Qualifications and Skills

  • Review documentation and requirements for new projects and anticipate impact to Data Management (DM) standards/processes.
  • Collaborate with client team for all requirement gathering of CRFs, edit checks, subject calendars, user management, reporting requirements etc.
  • Collaborate with internal project team (both onshore-offshore) as needed to stay abreast of and changes that could affect data collection, cleaning, change requests and/or transfers.
  • Develop Data Management Plan (DMP), maintain DMP throughout lifecycle of study project and ensures DMP is followed according to study design and requirements.
  • Review Protocols, and develop Case Report Forms and study reports.
  • Develop trial database, including eCRF design, user requirements, edit rules/checks, query logic and data validations.
  • Coordination of UAT of eCRF build and validation documents, included but not limited to: edit check document, issue logs, UAT summary report.

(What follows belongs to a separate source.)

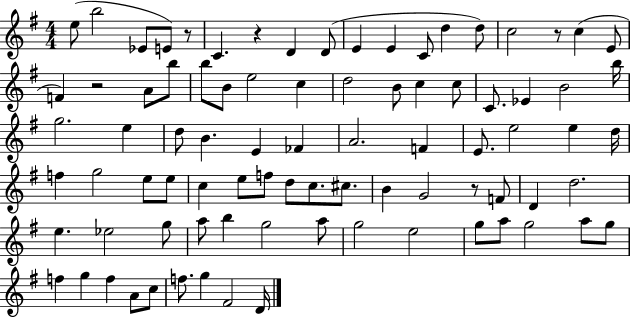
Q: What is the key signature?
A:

  • Manage eSource/EDC users and other Clinical databases, including but not limited to, compiling master user lists and activating/deactivating user accounts.

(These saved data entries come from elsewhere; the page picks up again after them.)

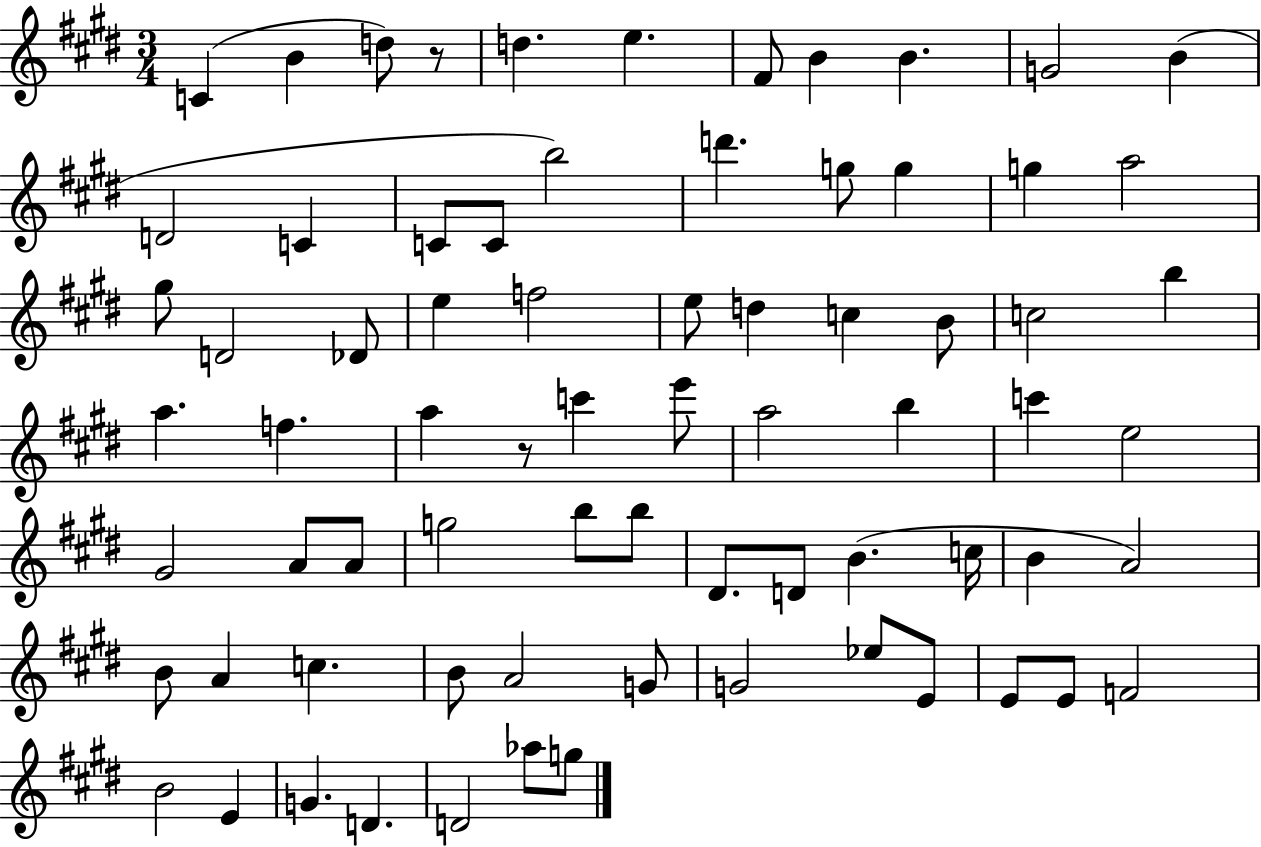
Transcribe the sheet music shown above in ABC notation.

X:1
T:Untitled
M:3/4
L:1/4
K:E
C B d/2 z/2 d e ^F/2 B B G2 B D2 C C/2 C/2 b2 d' g/2 g g a2 ^g/2 D2 _D/2 e f2 e/2 d c B/2 c2 b a f a z/2 c' e'/2 a2 b c' e2 ^G2 A/2 A/2 g2 b/2 b/2 ^D/2 D/2 B c/4 B A2 B/2 A c B/2 A2 G/2 G2 _e/2 E/2 E/2 E/2 F2 B2 E G D D2 _a/2 g/2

  • Perform user training both web-based and in-person at client locations, and create user guides.
  • Assist in reconciling AE/SAE data in Safety DB and/or other Data Management DB, including but not limited to, performing MedDRA and/or WHO coding.

Qualifications and Skills

  • Bachelor’s degree in Technology, Medicine, Science or related field.
  • At least five (5) years data management and/or related work experience in the pharmaceutical or CRO industry.
  • Working knowledge of Good Clinical Practices, Good Manufacturing Practices, Clinical research, Clinical trial process and related regulatory requirements and terminology.
  • Working knowledge of Clinical database applications such as EDC and CTMS.
  • Excellent verbal and written skills, good organizational, interpersonal, and team skills.
  • Applicable knowledge working with other clinical databases such as Oracle Clinical, Medidata Rave, etc.
  • Experience with AE/SAE Coding, will be nice to have.
  • Experience with working on Phase I- IV study trials.
  • Ability to travel to site locations as needed (10-25%).